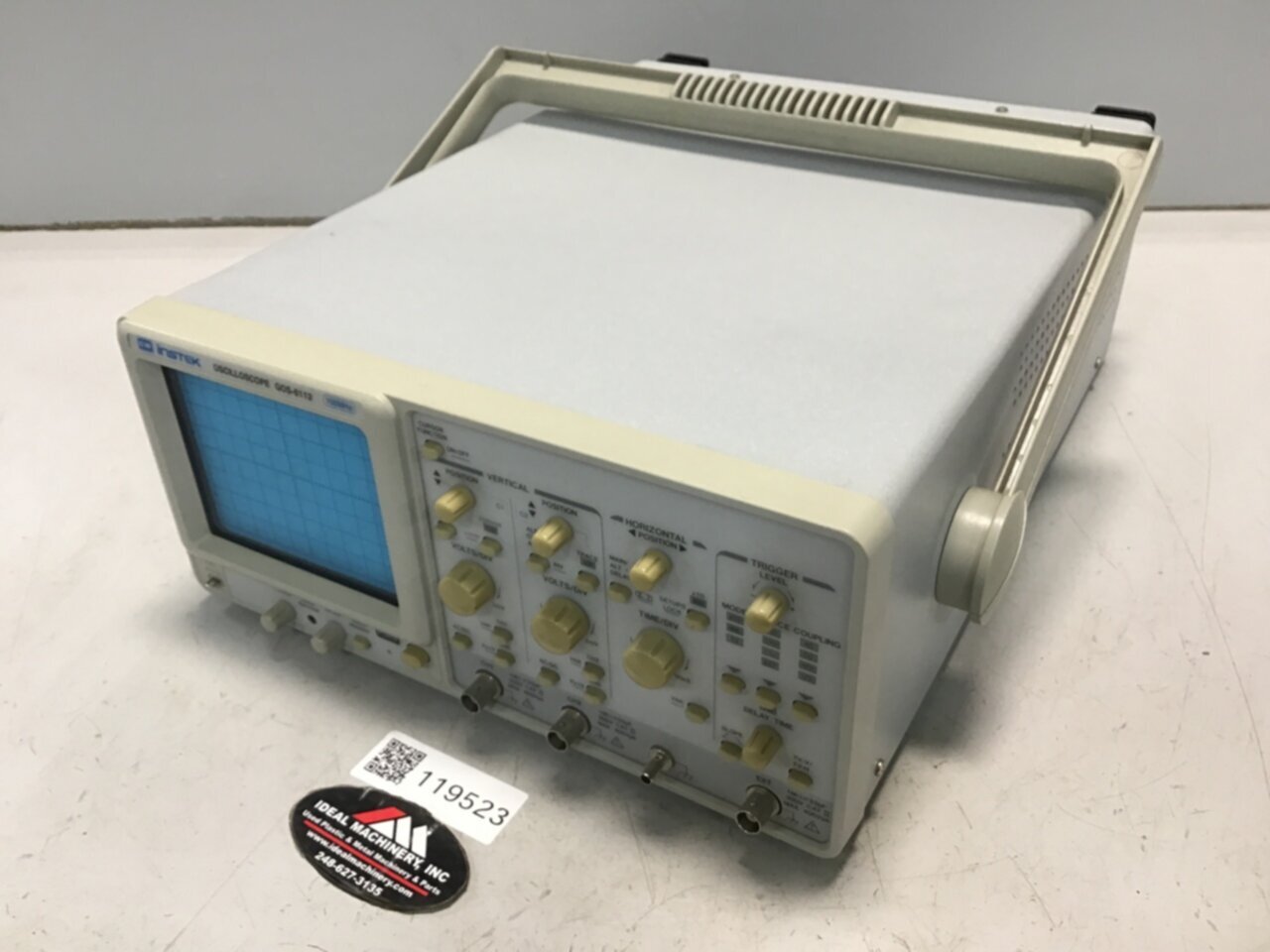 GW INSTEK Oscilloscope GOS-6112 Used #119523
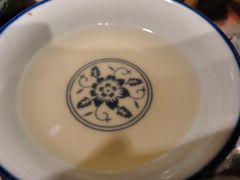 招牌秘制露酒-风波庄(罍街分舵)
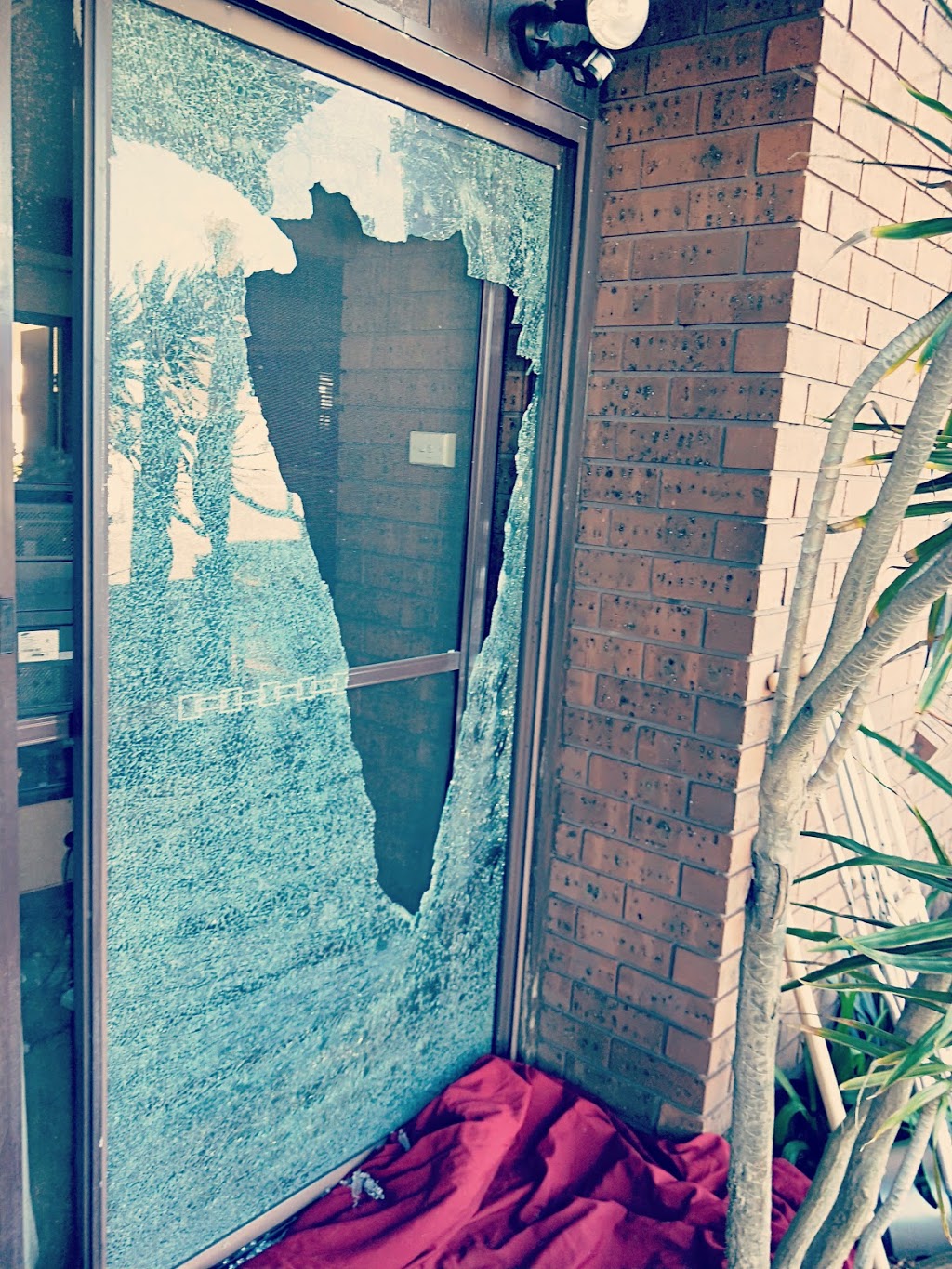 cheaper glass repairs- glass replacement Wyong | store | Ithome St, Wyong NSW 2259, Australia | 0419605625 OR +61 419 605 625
---
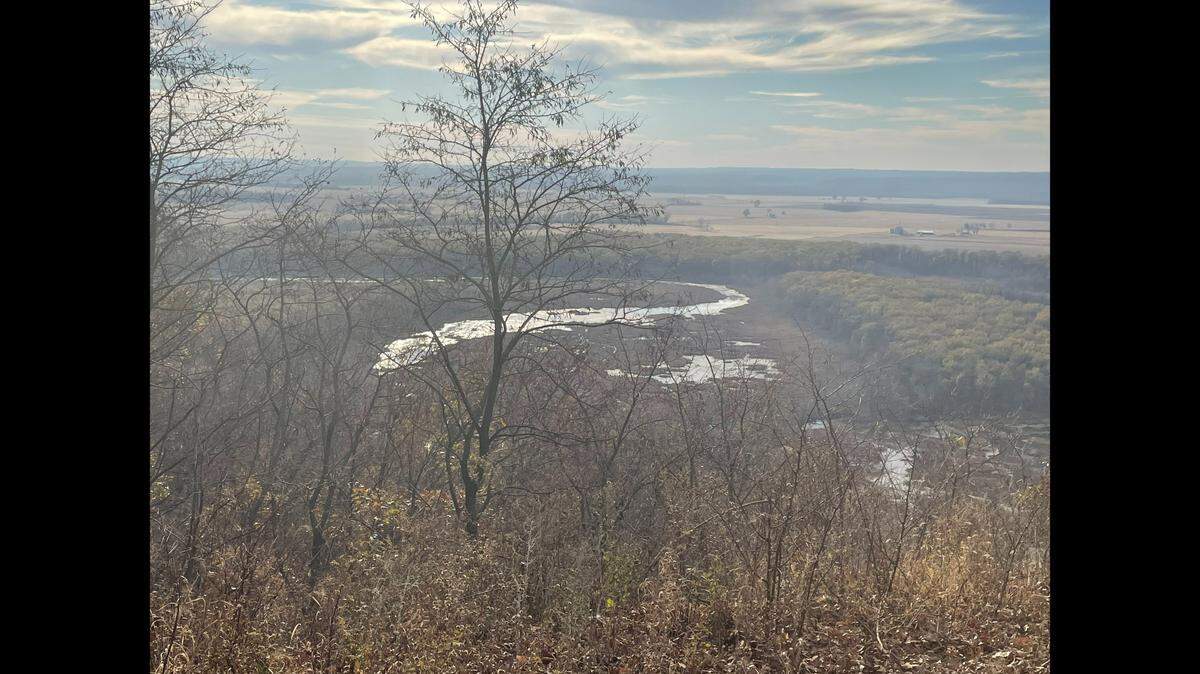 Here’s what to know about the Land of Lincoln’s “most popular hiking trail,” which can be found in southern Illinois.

Activity:
From the records above, output only the lines starting at the one containing "GW INSTEK Oscilloscope GOS-6112 Used #119523" and ending at the one containing "cheaper glass repairs- glass", word for word. Pictures stay out.

Written reply:
 GW INSTEK Oscilloscope GOS-6112 Used #119523
 招牌秘制露酒-风波庄(罍街分舵)
 cheaper glass repairs- glass replacement Wyong | store | Ithome St, Wyong NSW 2259, Australia | 0419605625 OR +61 419 605 625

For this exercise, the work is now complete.